Hey, glad to see there is a decent forum for these questions. I just set up a Linksys WRT54G v.6.0 wireless router. It is hooked up to comcast cable. So, my wireless icon on my desktop says it is connected to my wireless internet. But everytime I try and open Firefox or IE6 it shows the page that says

Server not found
Firefox can't find the server at www.yahoo.com
*   Check the address for typing errors such as
          ww.example.com instead of
www.example.com

    *   If you are unable to load any pages, check your computer's network
          connection.

    *   If your computer or network is protected by a firewall or proxy, make sure
          that Firefox is permitted to access the Web.
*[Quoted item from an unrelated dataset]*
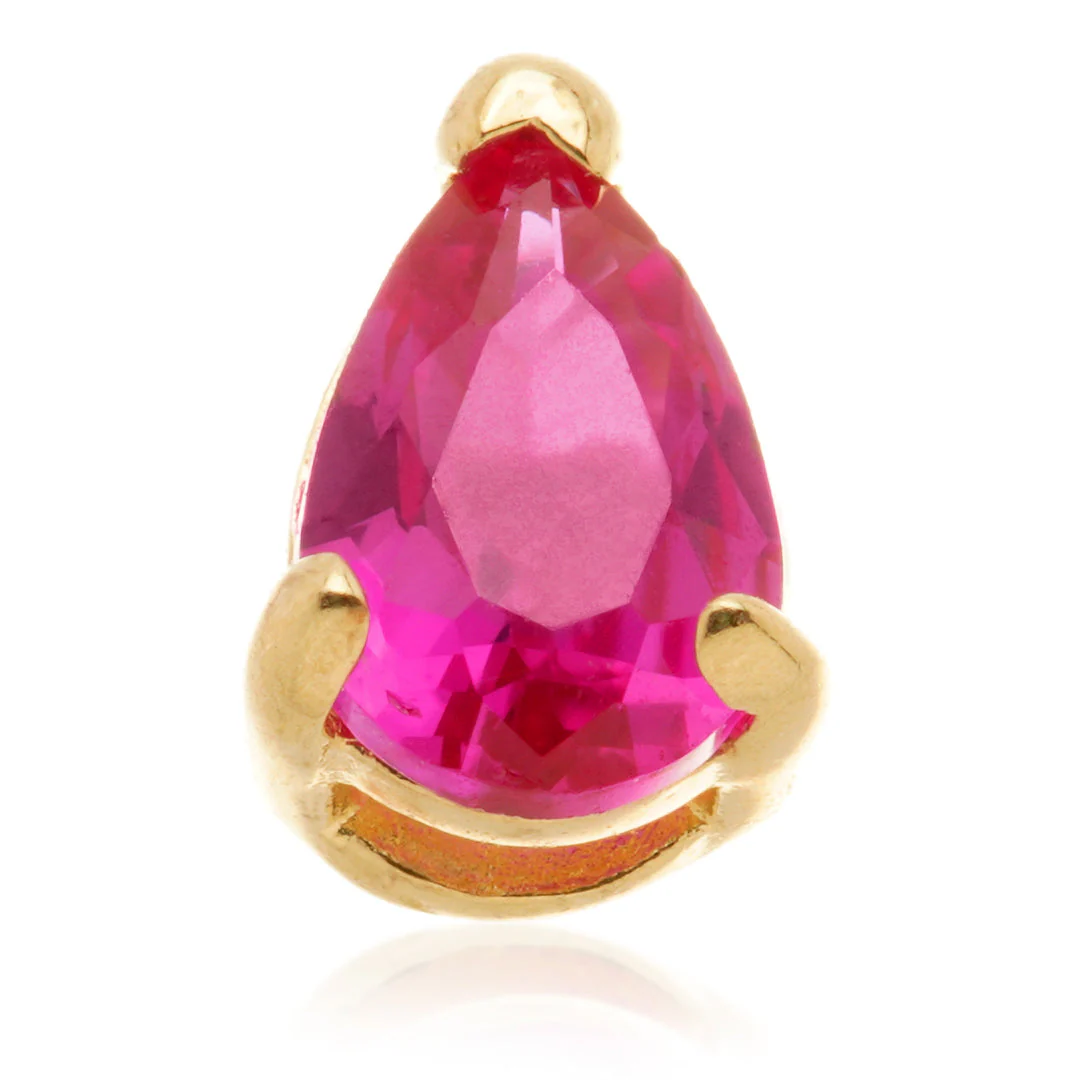 TL - 14ct Internal Gold Teardrop Gem Attachment - Image 3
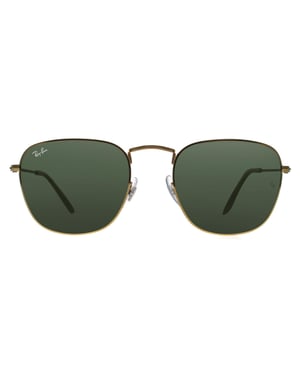 Ray-Ban Vierkant Unisex Goud G-15 Groen RB3857 Frank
so what I am wondering is what i need to do to get IE or Firefox to communicate with my wireless internet.

thanks in advance!


----------



## Trizoy (Oct 7, 2006)

Ok you have some things correct. When you say your Computer is connected, yes you are correct... But it is only a valid connection to your Router. If the router doesnt have a connection is a different issue. 
Do this..

To find out if your computer does have a valid connection to the router, go into start, run, type CMD. at the prompt type ipconfig

It will show an address like 192.168.2.3 as your IP and your host. 

If that is correct you have a good connection to router.

Then login to the router via the Web based interface //192.168.0.1 or //192.168.1.1
admin/password are default for Linksys.

Does the router show a connection? If not have you set it up?


----------



## Proletariat (Oct 7, 2006)

ok, I did the ipconfig and everything said exactly what you said it would. 

then I went to the router and I'm not exactly sure if it said I had a connection or not, just because I didnt really know what to look for. I don't have my router disk anymore so I can't run the easy setup wizard that came with it. Any ideas from here?

thanks!


----------



## Proletariat (Oct 7, 2006)

I also tried logging into emule and that didnt work either, so I guess it has to be a router thing. I downloaded a .bin file from linksys so I could have the firmware but I am not sure what to do with a .bin file. I thought you had to have a .cue file to go with it to make a burnable disk.


----------



## Trizoy (Oct 7, 2006)

Under your Setup page select Automatic Configuration - DHCP and unser the setup tab select the MAC Address Clone Tab, and Clcik enable and Clone your OC's Mac address.

After a good 30 sec go to the status tab and check to see if you have an ip address listed and a domain like hsd1.ca.comcast.net.


If you do you are getting a good connection. If not.. Let me know


----------



## Proletariat (Oct 8, 2006)

just wanted to say thanks for all your help. i ended up just resetting and disconnecting the router and my cable modem. then i reconnected my cable modem, then the router and then a hard wire to my laptop. i reset up the router w/o security and then enabled a wep password and oila! for some reason it worked.

take it easy


----------



## Trizoy (Oct 8, 2006)

Sounds good!


----------